| If you are going to use JWT besides its failings, you should use it safely. But not all advice in this piece is equally strong. 1. RS256 vs ES256 - you shouldn't use either. RS256 not just an old standard on the way out. With safe keys sizes tokens are often going to be too large and signing too slow for you. ES256 on the other hand, suffers from many theoretical flaws and at least one practical flaw that (complete breakdown if nonce is reused) that helped jailbreak the PS3. The only reasonable asymmetric signature algorithms implemented for JWT are Ed25519 and Ed448, but they are still not supported by most libraries. 2. Key IDs - always include them, even if you're just using 1 key for now.

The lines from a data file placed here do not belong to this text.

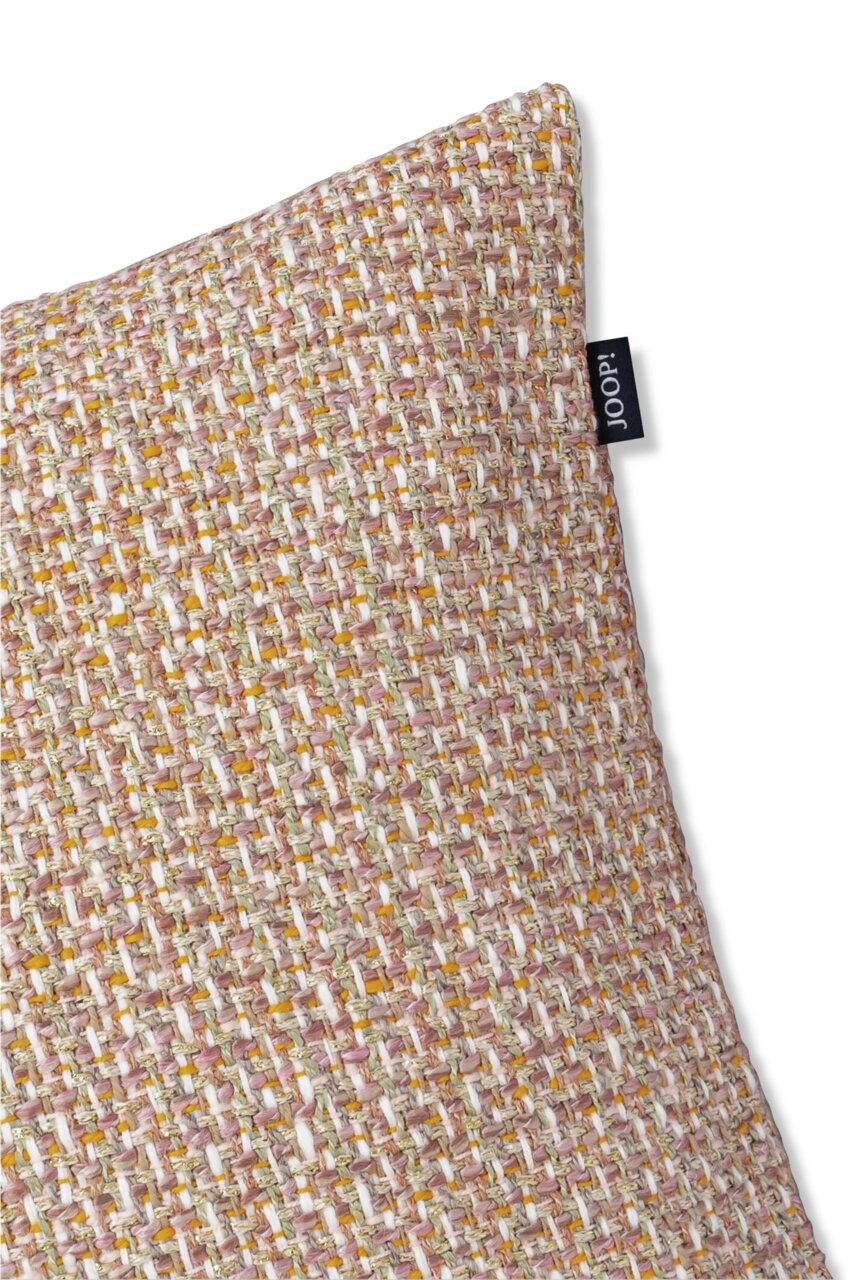 Nahaufnahme einer strukturierten Zierkissenhülle in beige und rosa Tönen mit einem kleinen schwarzen Etikett an der Seite, perspektivisch von oben rechts fotografiert.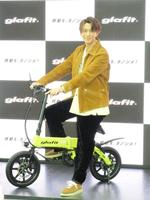 　コンパクト電動バイクにまたがって笑顔の三浦翔平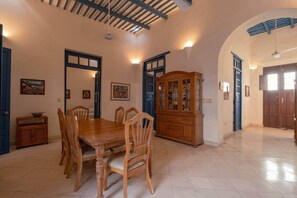 A dining area with a wooden table and chairs, a cabinet, and a ceiling with exposed beams. - Casa Luz: Cozy Retreat + Pool (Mérida)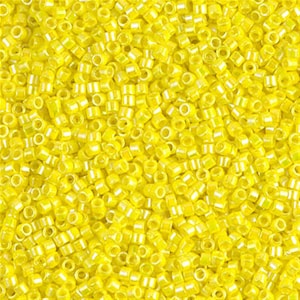 May include: A close-up image of a large quantity of small, bright yellow seed beads. The beads are round and have a slight iridescent sheen.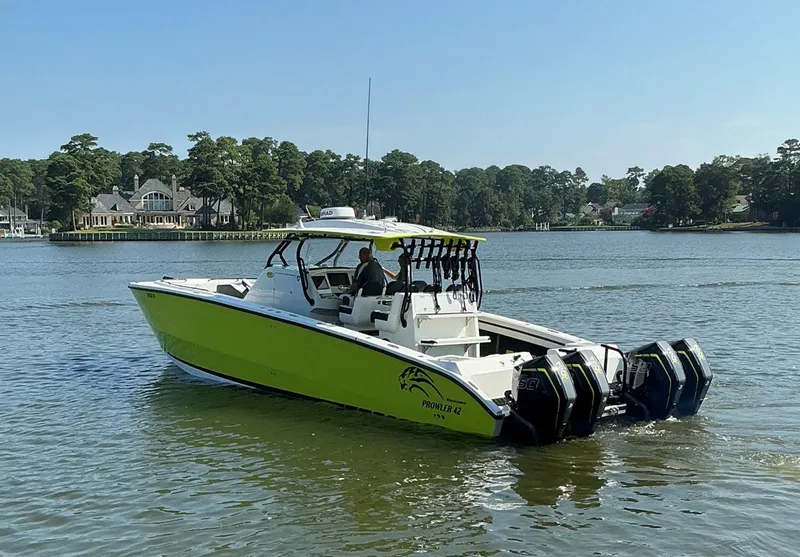 Slide: The Image of 2020 Prowler 42 boat with multiple engines cruising on a serene lake. - 5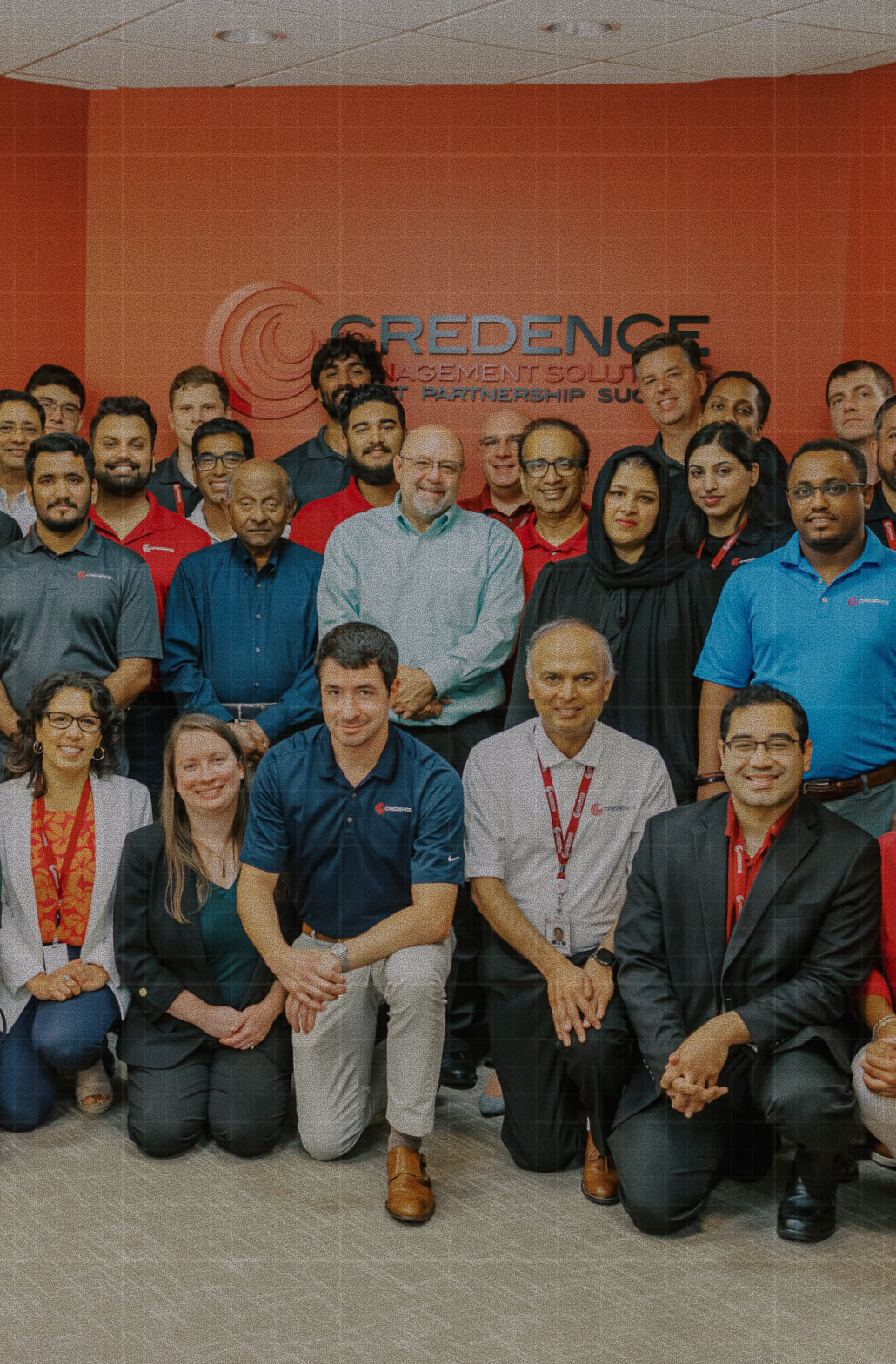 Credence Defined Culture Drives Results A diverse group of Credence Management Solutions employees poses together in front of the company's orange branded wall.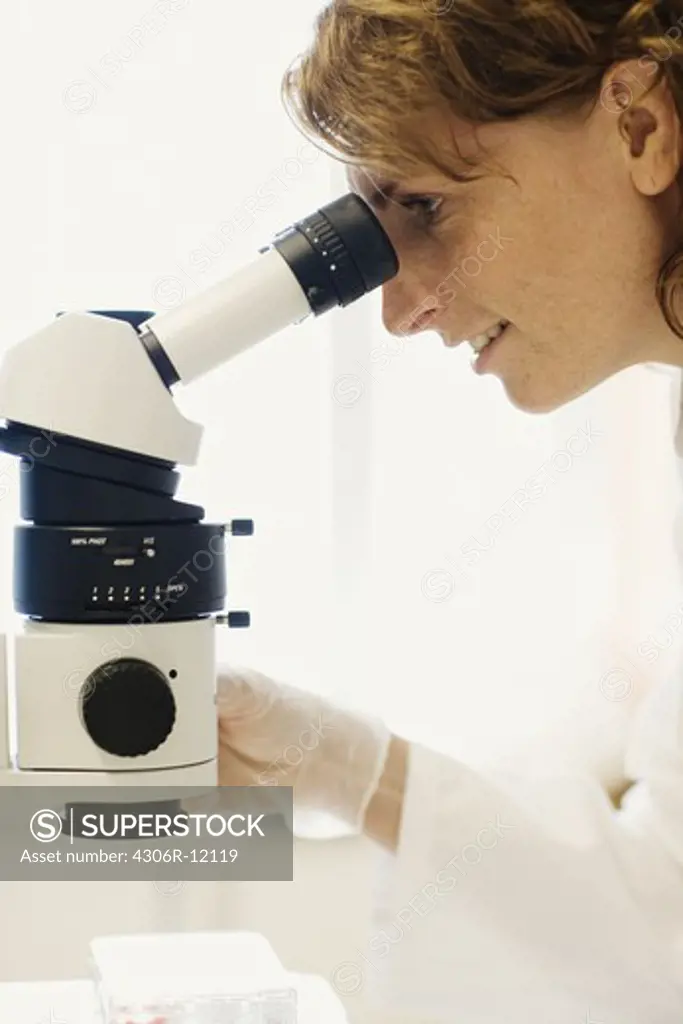 Female researcher with a microscope in a laboratory.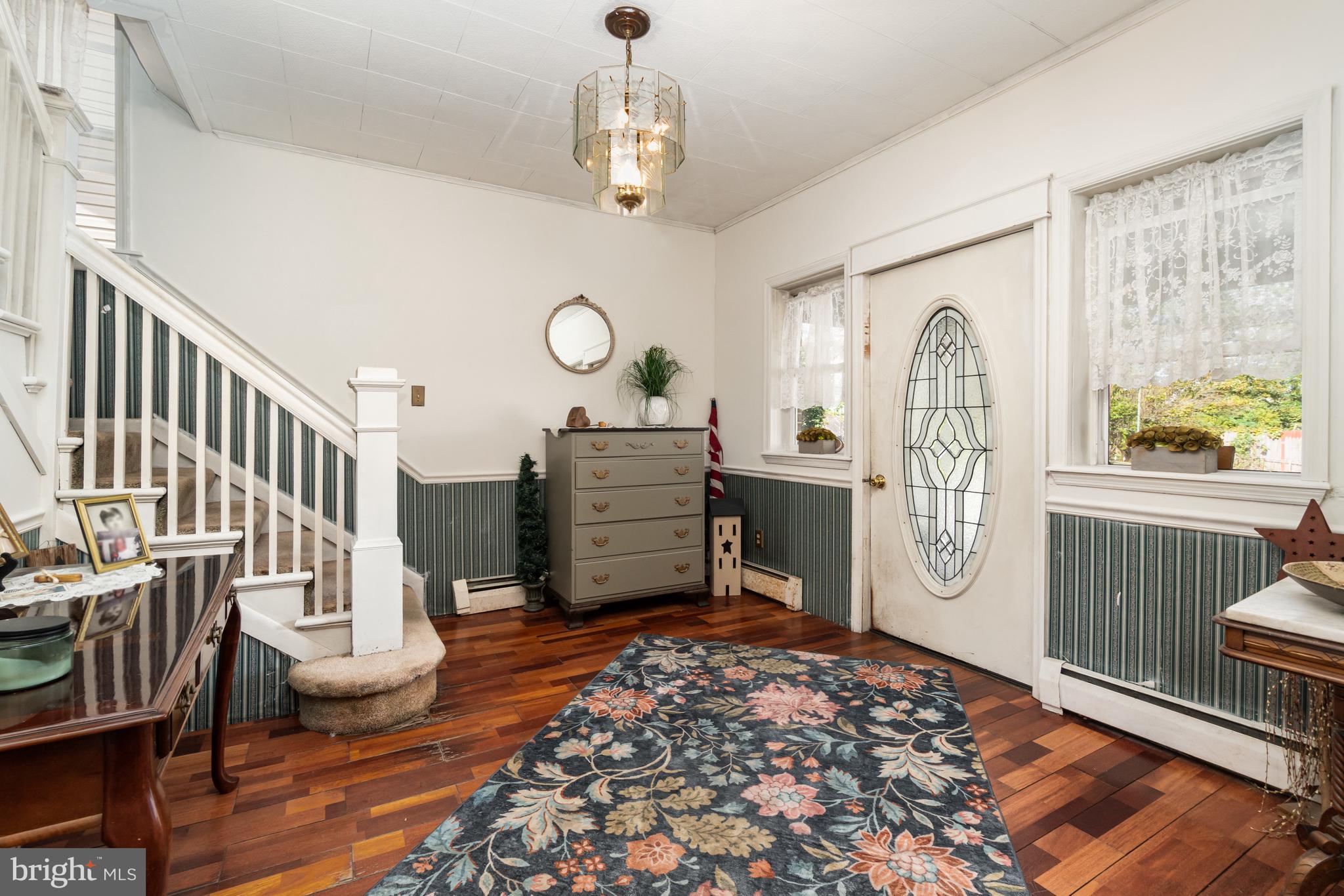 162 Swatara Road Shenandoah, PA 17976 - Photo 5 of 37 a view of a hallway with wooden floor windows and a chandelier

Otherwise you cannot rotate keys securely without having to reject all existing tokens. 3. Have relatively short lifetimes for JWTs if you're not using a blacklist. A token that lasts for 180 days with no possible way to revoke it is a dangerous little thing. 4. Always verify that you only accept JWTs signed by the algorithm you're expecting. Otherwise you might be fooled by a JWT signed with HMAC-SHA256 by your RSA public key (which is known to the attacker:
https://auth0.com/blog/critical-vulnerabilities-in-json-web-... 5. Under no circumstances accept tokens signed with "none". The standard is just bonkers. 6. Rotate keys every month if you can, not every 2 years. This is keeping your joints well-oiled. 7. Damage control is still possible when using JSON Web Signature (JWS). JSON Web Encryption (JWE), on the other hand, is just a train wreck that is very hard t ouse properly. Avoid it all costs. PASETO provides a viable alternative for most cases it makes sense to use an encrypted token. 8. If you can avoid JWT, just avoid it. It's just too hard to implement securely. In the past there weren't any widespread alternatives, but PASETO is supported in most common platforms now and is clearly a better option. https://paragonie.com/blog/2017/03/jwt-json-web-tokens-is-ba... |
I agree that JWT has all sorts of flexibility that make it hard to use well but NIST curves work just fine.
If you think they are backdoored then sure, Ed25519 is a better option but real world constraints may require you to use a NIST curve for now.